Today i was really upset in the morning (these past two days have been horrible, thinking about all the work i have to do with such little time before trials) but when i said my prayers this morning, God heard me. I told him all of my problems and asked for his comfort and help; his help to be more positive and try my best instead of giving up. I love how he hears me and loves me so much because he helped me turn everything around and be happy. He also blessed me with so much help: I had the opportunity to perform my music piece in front of a huge audience as preparation for my HSC practical, my teacher gave me the best set of bio notes today which cover a lot of our current topic, my chem teacher did revision with us and i could answer almost all of the questions (which definitely boosted my confidence) and my friend made an effort and sent me all of his past HSC english stuff .

So many good things in my life have come out of praying. I know that God is there; He's my father in heaven and he loves me so much--i know because i feel him right there. I make so many mistakes every single day but he still answers my prayers and helps me! i find that so wonderful. In the scriptures he says that if we ask him then he'll answer us and i know it's true--i've seen it happen over and over in my life. I'm so grateful that i can have a relationship with him because he is so real and he knows me personally and wishes to bless me with so many things; i just have to ask.

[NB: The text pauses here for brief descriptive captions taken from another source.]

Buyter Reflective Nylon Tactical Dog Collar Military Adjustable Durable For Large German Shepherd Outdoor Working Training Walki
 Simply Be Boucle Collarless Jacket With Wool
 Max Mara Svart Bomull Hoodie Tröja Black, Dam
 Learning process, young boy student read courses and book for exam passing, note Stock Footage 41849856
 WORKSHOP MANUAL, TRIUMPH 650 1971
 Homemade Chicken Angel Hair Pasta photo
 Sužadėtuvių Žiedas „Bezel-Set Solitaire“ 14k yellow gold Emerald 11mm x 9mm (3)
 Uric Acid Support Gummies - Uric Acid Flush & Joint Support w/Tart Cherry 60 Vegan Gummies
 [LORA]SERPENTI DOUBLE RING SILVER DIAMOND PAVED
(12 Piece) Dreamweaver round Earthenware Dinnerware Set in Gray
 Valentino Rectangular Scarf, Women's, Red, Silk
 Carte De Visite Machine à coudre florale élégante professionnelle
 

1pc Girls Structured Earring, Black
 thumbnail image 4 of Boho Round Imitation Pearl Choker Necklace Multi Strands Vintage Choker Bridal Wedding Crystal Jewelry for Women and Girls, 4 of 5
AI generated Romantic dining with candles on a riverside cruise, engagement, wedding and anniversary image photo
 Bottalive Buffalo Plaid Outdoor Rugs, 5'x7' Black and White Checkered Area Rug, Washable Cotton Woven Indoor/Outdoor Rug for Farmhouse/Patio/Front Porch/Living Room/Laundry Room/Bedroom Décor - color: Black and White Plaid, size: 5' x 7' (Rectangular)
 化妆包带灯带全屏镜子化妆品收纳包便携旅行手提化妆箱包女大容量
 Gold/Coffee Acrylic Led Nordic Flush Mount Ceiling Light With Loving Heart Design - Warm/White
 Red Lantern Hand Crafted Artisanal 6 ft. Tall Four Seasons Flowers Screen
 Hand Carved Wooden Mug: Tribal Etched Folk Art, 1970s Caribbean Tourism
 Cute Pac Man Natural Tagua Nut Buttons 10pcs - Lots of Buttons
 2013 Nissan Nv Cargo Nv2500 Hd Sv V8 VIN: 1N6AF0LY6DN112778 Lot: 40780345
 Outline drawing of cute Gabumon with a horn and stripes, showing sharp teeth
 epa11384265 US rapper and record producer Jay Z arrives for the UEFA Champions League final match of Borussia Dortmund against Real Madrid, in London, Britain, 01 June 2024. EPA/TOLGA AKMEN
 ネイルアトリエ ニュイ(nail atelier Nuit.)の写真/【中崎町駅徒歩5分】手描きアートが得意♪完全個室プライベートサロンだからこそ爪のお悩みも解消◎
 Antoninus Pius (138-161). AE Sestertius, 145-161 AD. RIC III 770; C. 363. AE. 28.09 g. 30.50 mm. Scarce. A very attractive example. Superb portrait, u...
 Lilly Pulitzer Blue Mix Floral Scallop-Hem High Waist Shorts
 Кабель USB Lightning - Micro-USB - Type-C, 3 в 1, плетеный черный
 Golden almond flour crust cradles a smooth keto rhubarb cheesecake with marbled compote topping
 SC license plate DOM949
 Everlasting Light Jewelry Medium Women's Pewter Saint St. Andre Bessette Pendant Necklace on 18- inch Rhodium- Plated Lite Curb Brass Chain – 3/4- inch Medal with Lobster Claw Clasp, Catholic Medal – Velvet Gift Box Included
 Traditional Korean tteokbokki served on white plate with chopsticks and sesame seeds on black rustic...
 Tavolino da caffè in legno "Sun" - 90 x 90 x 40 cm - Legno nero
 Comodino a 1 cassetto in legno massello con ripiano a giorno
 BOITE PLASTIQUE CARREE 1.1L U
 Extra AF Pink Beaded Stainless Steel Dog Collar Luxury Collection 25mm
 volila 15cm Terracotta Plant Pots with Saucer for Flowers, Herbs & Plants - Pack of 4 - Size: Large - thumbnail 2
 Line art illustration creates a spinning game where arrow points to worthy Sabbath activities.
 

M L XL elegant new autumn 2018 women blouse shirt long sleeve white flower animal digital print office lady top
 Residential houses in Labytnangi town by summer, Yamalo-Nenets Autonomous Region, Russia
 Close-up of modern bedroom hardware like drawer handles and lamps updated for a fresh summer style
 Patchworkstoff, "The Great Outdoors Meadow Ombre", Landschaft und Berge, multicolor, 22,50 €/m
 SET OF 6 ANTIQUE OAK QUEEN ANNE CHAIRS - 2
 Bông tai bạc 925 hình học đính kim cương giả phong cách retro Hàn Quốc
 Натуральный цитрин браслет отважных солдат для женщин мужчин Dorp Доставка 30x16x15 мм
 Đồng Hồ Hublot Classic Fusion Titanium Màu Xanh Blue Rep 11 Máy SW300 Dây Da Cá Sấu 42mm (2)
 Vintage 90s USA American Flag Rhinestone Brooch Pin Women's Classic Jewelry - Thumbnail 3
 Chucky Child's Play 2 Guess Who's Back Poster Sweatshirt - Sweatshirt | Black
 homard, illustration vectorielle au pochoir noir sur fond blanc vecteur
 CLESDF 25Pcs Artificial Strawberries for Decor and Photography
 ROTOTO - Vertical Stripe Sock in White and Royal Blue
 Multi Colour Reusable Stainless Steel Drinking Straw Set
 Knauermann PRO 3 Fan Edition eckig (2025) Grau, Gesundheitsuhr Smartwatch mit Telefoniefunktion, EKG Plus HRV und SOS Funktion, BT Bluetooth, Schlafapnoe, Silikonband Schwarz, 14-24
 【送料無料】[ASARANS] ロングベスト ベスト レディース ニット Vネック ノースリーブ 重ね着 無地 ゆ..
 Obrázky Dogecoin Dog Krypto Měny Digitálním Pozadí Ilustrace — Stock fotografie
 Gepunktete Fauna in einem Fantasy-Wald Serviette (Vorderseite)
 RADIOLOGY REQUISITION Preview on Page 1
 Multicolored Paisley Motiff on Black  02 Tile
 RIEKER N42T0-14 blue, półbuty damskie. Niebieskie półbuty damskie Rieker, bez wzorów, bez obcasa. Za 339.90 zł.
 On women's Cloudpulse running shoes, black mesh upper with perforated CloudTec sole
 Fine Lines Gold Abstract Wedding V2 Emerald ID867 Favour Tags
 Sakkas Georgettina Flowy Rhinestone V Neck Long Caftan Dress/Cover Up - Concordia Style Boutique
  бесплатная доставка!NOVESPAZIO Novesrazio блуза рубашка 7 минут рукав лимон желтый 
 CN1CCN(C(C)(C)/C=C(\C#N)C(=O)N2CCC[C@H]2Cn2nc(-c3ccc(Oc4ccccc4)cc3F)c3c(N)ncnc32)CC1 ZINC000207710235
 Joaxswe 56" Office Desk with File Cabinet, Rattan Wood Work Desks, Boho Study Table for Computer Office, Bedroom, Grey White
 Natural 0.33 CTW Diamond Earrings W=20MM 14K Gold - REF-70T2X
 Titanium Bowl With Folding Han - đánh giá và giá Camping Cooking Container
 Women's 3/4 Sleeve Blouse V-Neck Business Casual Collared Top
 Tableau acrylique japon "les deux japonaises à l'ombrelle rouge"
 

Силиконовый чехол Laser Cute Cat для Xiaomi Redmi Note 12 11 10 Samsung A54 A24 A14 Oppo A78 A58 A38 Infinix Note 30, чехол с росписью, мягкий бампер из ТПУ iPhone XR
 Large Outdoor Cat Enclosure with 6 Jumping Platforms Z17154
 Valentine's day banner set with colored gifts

The things that i'm grateful for

As i was sitting at the piano at home, i noticed the usual 4 o' clock sun rays that piece through the window and reflect off the kitchen counter and half way down the passage. If i had to pick my favourite time of the day to be at home, this would be it. I don't know how to describe what it looks like, but it is absolutely beautiful! The rays seem to be getting tired and more relaxed (as the day has gone by) and they gently light up the semi-dark house with this beautiful orangey glow. Just trust me, it's amazing :)


Anyway. This morning at 5:35am, just before i got out of bed for seminary, i realised just how comfortable and warm my bed is. All i remember is waking up and opening my eyes but not moving because of how comfy i was and all i could think of was how grateful i am to have a soft, comfortable, warm bed. I usually take this for granted, which is a sad thing i guess. I bet there are so many people out there in this world that don't even have beds to sleep on and here i am with an absolutely amazing bed. I'm just so grateful for all the wonderful things i've been blessed with.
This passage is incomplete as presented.